「あらゆる面で地球環境に貢献するエコタイヤ」をめざした、YOKOHAMAのエコ・フラッグシップタイヤ「DNA dB super E-spec」。その開発はどのような経緯で始まったのだろうか。製品企画を立ち上げた伊藤邦彦はいう。
「製品企画を決定したのは2006年の春でした。このタイヤを発売する予定の2007年は、当社がDNAシリーズを初めて世に送り出した1998年から数えてちょうど10年目にあたります。そこでエコタイヤ誕生10年の節目を飾るにふさわしい、記念碑的なタイヤを作ろうというのが出発点でした」
 当時は地球温暖化が世界的なテーマとしてクローズアップされ始めた頃。世の中が環境に対して敏感になり、ハイブリッドカーなど環境に優しいクルマも増えてきた。となると当然、これまで以上にタイヤにも環境性能が求められるという読みもあった。

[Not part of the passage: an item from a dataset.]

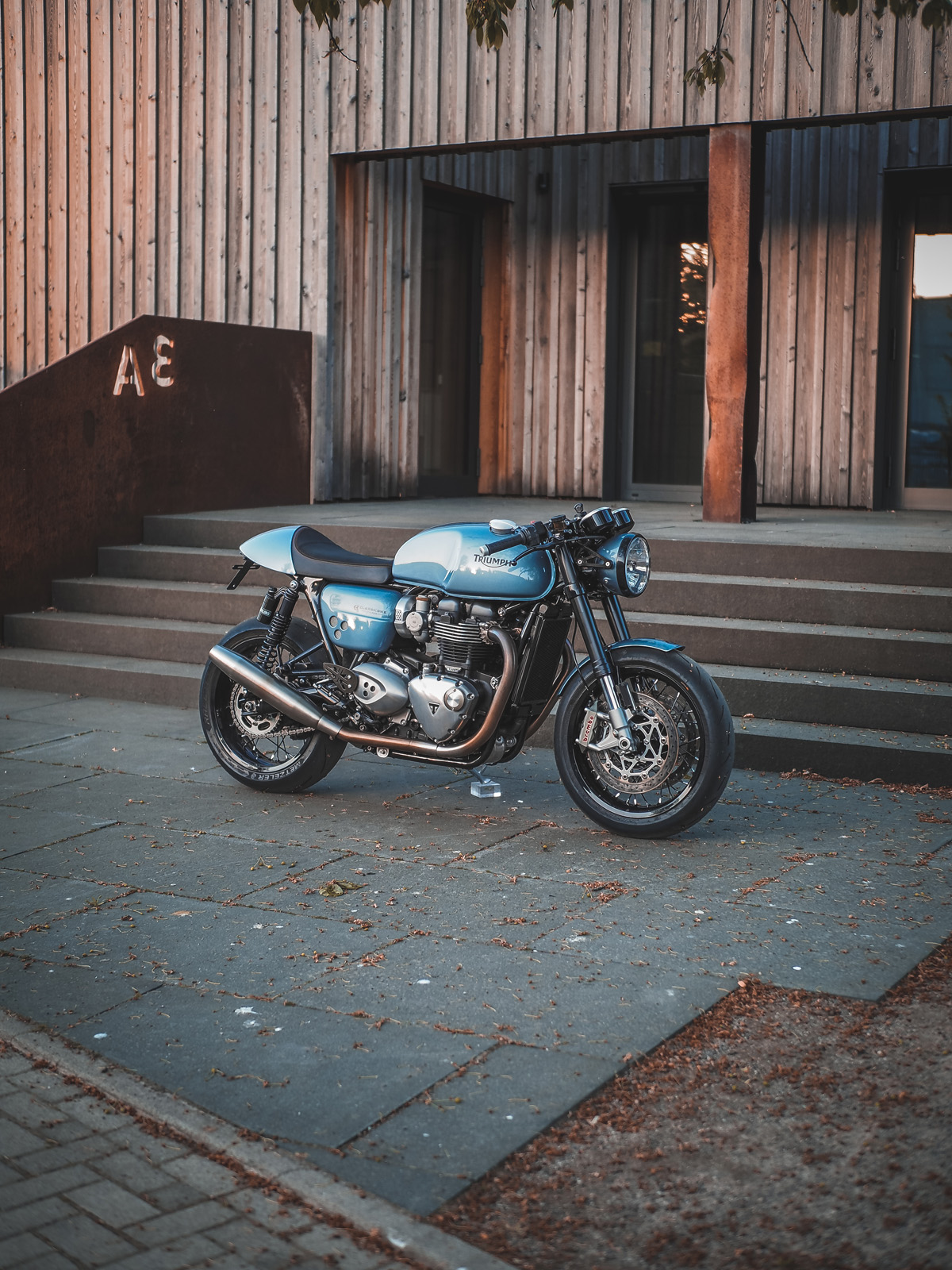 Thruxton / Scrambler Gabel schwarz eloxieren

「今回のタイヤは、広い意味でエコタイヤのシンボルになるものにしたい。それには単に低燃費であるだけでなく、高い快適性能を併せ持つことも必要だと考えました。そこでDNAシリーズでも最も静粛性の高いDNA dB ES501をベースに、さらに省燃費性能を高めたスペシャルタイヤを作る企画を立てたわけです」
 伊藤が企画書に書き込んだポイントは二つあった。一つは、タイヤのころがり抵抗を、従来商品のDNA dB ES501比で20%以上低減させること。タイヤのころがり抵抗が減れば、クルマを走らせるために必要なエネルギーが小さくなり、燃費向上に効果がある。そしてもう一つは限りある石油資源への依存度を低減するために、タイヤの石油外資源比率を80%以上にするということだった。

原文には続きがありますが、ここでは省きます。